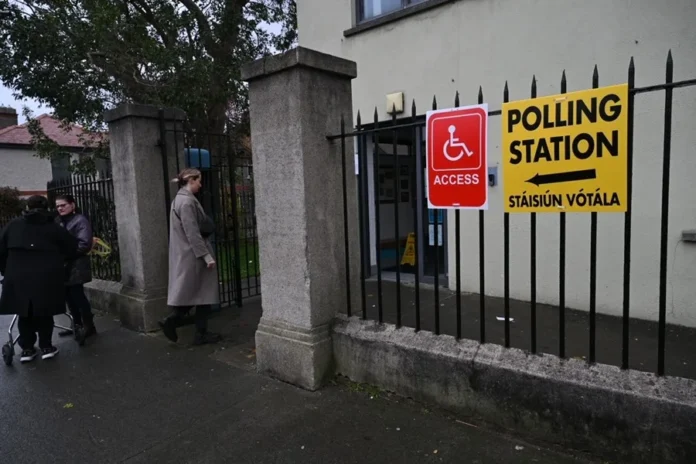 Aumento de desahucios en Irlanda 2025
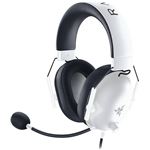Auriculares gaming con cable Razer Blackshark V2 X Blanco para PS5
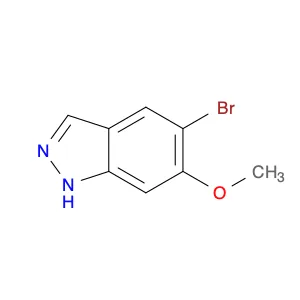 5-bromo-6-methoxy-1H-indazole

---*---

Prompt –
Would you reproduce the listing above in full and exactly, without its pictures?

Output below –
 Aumento de desahucios en Irlanda 2025
Auriculares gaming con cable Razer Blackshark V2 X Blanco para PS5
 5-bromo-6-methoxy-1H-indazole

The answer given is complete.